Die Sichtweisen die ich vorschlagen würde sind die Sichtweisen des persönlichen Umfelds, der Gesellschaft und schließlich die Selbstwahrnehmung.
Die nachfolgenden Zeilen sind natürlich vollkommen subjektiv.
Das persönliche Umfeld spiegelt, im Falle einer starken Persönlichkeit, die die eigenen Vorstellungen kommuniziert, die Wahrnehmung desselben im Hinblick auf das Erreichen oder Verfehlen der persönlichen Vorstellungen wieder. Mit einem Beispiel hinterlegt: Ich habe früher, in der Sekundarstufe II, sehr wenig gewogen und während des Abiturs sowie den Jahren danach viel Sport gemacht und noch mehr gegessen um meinen Körper in eine Richtung zu formen, die ich persönlich als ansprechender finde: Athlethisch mit einem gesunden Maß an Gewicht. Dabei geht es nicht unbedingt um den Körperfettanteil (KFA), denn ich war zwischendurch bei sieben Prozent KFA und überhaupt nicht zufrieden, bin mittlerweile bei grob vierzehn Prozent KFA und bin zufrieden. Als ich mich also über einige Jahre selbst in Richtung eines gesunden BMI bei gleichzeitiger Definition des Körpers entwickelt habe, kommunizierte ich meine Vorstellung in mein Umfeld, damit dieses mir wiederspiegelt, wie ich mich so entwickele und mir Feedback geben kann, mich quasi unterstützt.
Das lief sehr gut und ich war jahrelang zufrieden. Dann habe ich jedoch, nach dem Bachelor und einem Jahr Angestelltenverhältnis, entschieden, dass es Zeit ist den Master zu machen.
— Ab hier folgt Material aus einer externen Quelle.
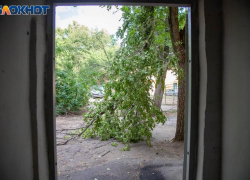 В Волжском на валку и вырезку ветвей деревьев выделили больше 3 миллионов рублей 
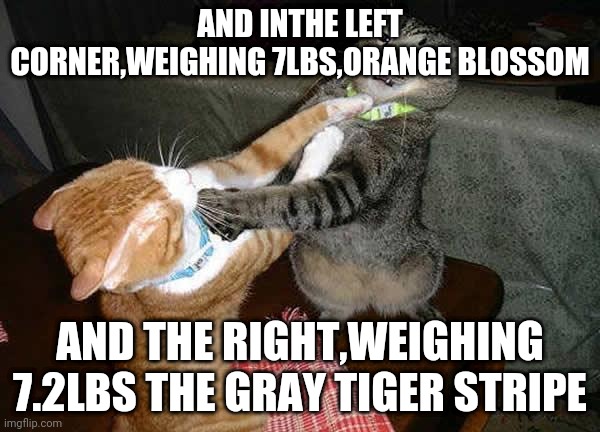 F49E767D-06A8-460F-B7EA-7731414DCEE9.jpeg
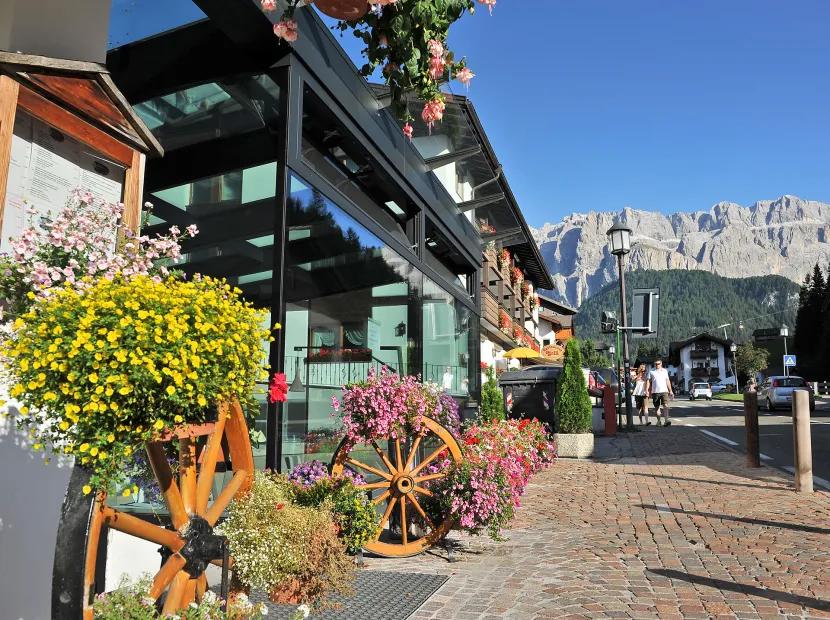 Hotel Des Alpes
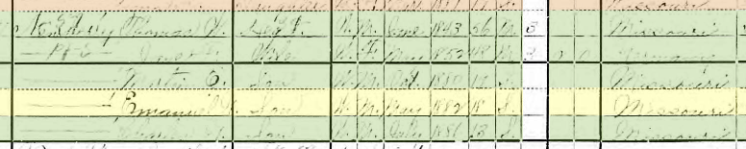 Emanuel Newberry 1900 census Salem Township MO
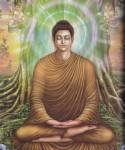 นานาสารธรรม : พระะพุทธเจ้าตรัสรู้อะไร?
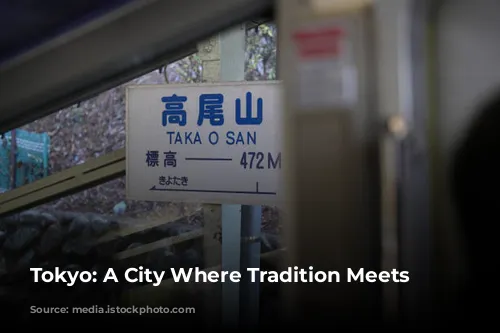 Tokyo: A City Where Tradition Meets Modernity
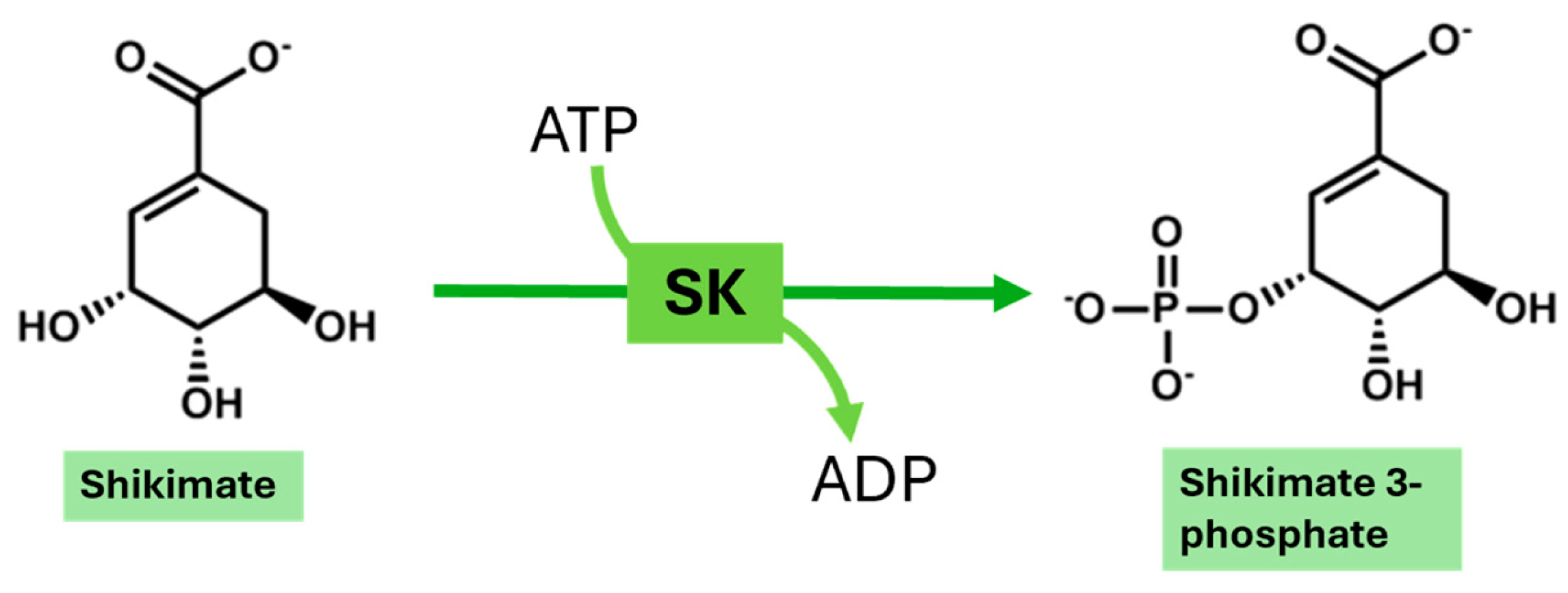 Preprints 139712 g002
Im Gegensatz zu der Fachhochschule an der ich vorher war ist die Arbeitsbelastung an der Uni an der ich jetzt bin extrem gestiegen. Relativ in Arbeitsbelastung pro Credit-Punkt gerechnet ist es definitiv ein Anstieg um zweihundert Prozent. Dadurch bedingt, und durch meinen Ehrgeiz gefeuert, kommt bzw. kam es oft zu Zeiten in denen ich sehr viel gearbeitet habe, regelmäßig beim Sport war und wenig geschlafen sowie meist nur zwei Mahlzeiten am Tag gegessen habe. Bei solch einem "ungesunden" Lebensstil nimmt man zwangsläufig ab wenn man nicht nur Junk-Food isst sondern Spaß am Kochen hat.. Das wurde mir von meinem Umfeld sofort mitgeteilt. "Hey, Du hast ja ziemlich (sie nannten es eingefallene Wangen oder an den Armen an Umfang verloren, etc.) abgebaut.. Ist alles okay bei Dir?"
Mittlerweile habe ich das gut ändern können, indem ich versuche auf eine regelmäßige Ernährung zu achten und nur noch gelegentlich zum Sport gehe, mich als Ausgleich eher auf den Golfplatz oder das Motorrad begebe.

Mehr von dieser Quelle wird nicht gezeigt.